(51) MITOCHONDRIAL DESIGN: IMPLICATIONS FOR THE STRUCTURAL BASIS OF THE PERMEABILITY TRANSITION

C.A. Mannella (1,2), K. Buttle (1), D.R. Pfeiffer (3), B.K. Rath (1) and M. Marko (1)
(1) Wadsworth Center, New York State Dept of Health, Albany NY
(2) Dept of Biomedical Sciences, School of Public Health, Univ at Albany
(3) Dept Medical Biochemistry, Ohio State Univ.

Electron microscopic tomography is providing important new information about the 3-D structure of mitochondria from different cell types, including the connectivity between internal compartments and interactions of the outer membrane with the inner membrane and with endoplasmic reticulum. While the shape and organization of the cristae may vary considerably with cell type and osmotic conditions, there appears to be a common design principle: the cristae connect to the surface of the inner membrane (and to each other) through narrow tubular regions. The nature and apparent universality of this structural feature suggest (a) that formation of cristae is a controlled process and not merely a passive infolding of the inner membrane, and (b) that this design feature plays a fundamental (if as yet undefined) role in mitochondrial function. Possibilities include restriction of diffusion of solutes (ions, ATP, cytochrome c) between internal compartments, and control (together with contact sites) of the "flow" of inner membrane between the cristal and peripheral surfaces (e.g., during osmotic adjustments). That the "permeability transition" might be associated with irreversible loss of this fundamental structural feature is being explored. Specifically, we are determining whether the tubular cristae regions are retained/reformed during swelling and subsequent recontraction of mitochondria.

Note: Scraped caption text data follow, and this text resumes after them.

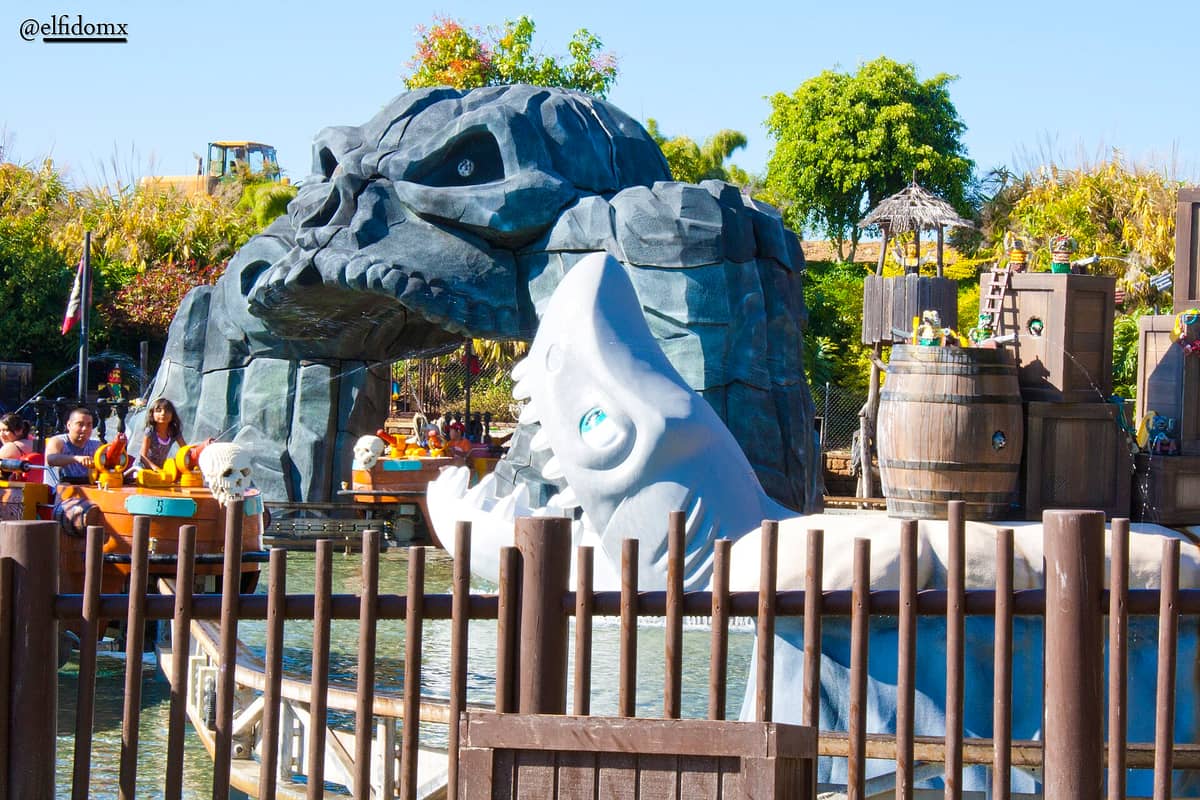 Interaktive Wasserfahrt im LEGOLAND California mit Booten, thematischen Piraten- und Monsterskulpturen und Familien, die die farbenfrohe Außenattraktion genießen.
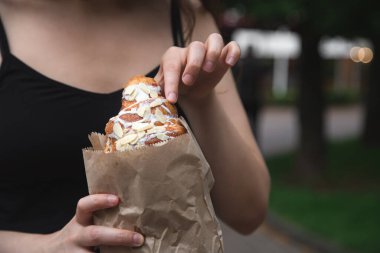 Croissant in a craft paper bag in female hands, pastries to go.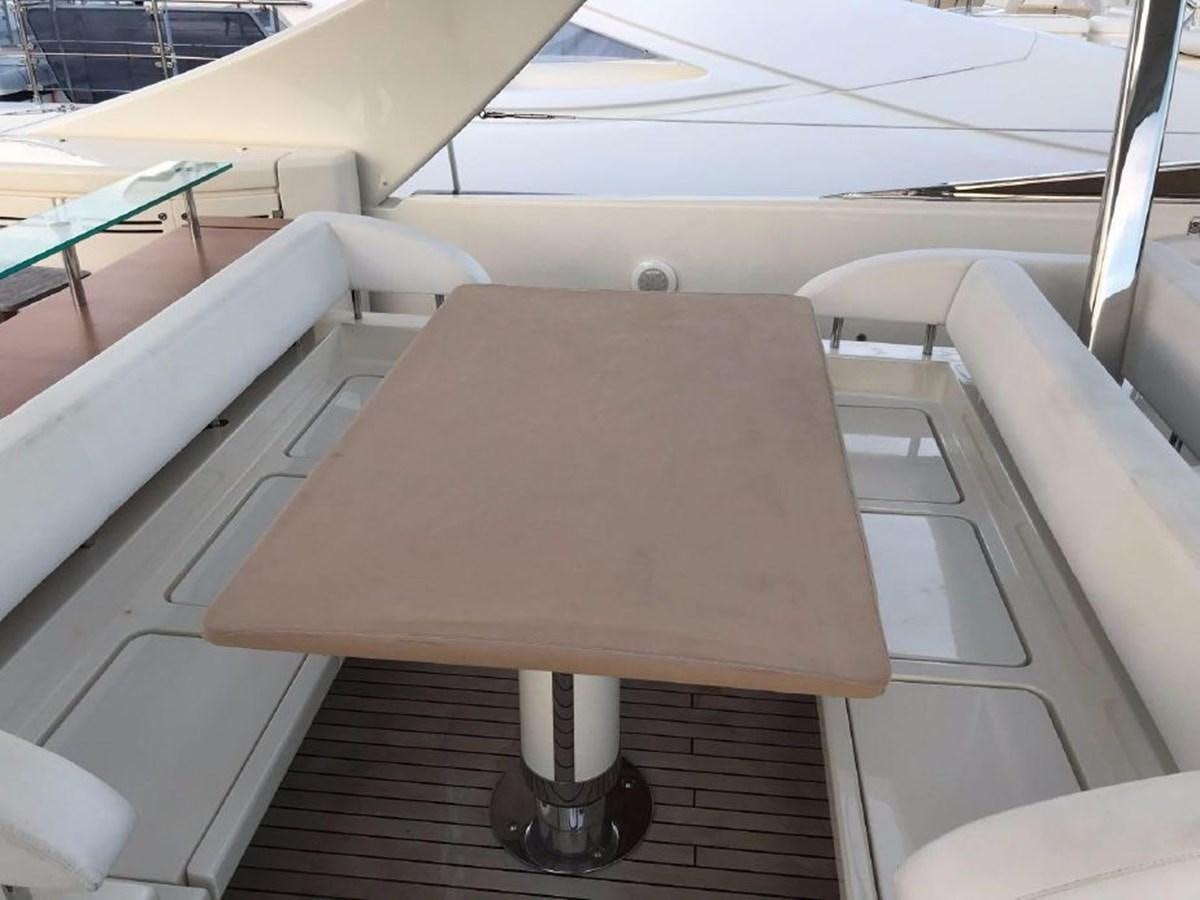 a wooden table on a boat aboard BLACK SWAN Yacht for Sale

Until now, 3-D reconstructions have been done on tissues or isolated organelles that have been chemically fixed, stained and embedded in plastic. Using an intermediate-voltage electron microscope equipped with an automated (CCD-based) imaging system and cryo-accessories, we have been able to tomographically reconstruct unfixed, unstained mitochondria quick-frozen in vitreous ice ("frozen-hydrated"). While the resolution is lower (because fewer images can be collected from the beam-sensitive "naked" organelles), these tomograms provide direct visualization of native mitochondrial structure, e.g., confirming the presence of the tubular cristae connecting regions. The ability to directly image frozen-hydrated mitochondria in the electron microscope makes feasible a wide range of experiments to explore the dynamics of 3-D structural changes associated with such factors as energy state and induction of the permeability transition.

This work is supported by NSF grant MCB-9506113 and uses the facilities of the Wadsworth Center's Biological Microscopy and Image Reconstruction Resource, funded by NIH grant RR01219.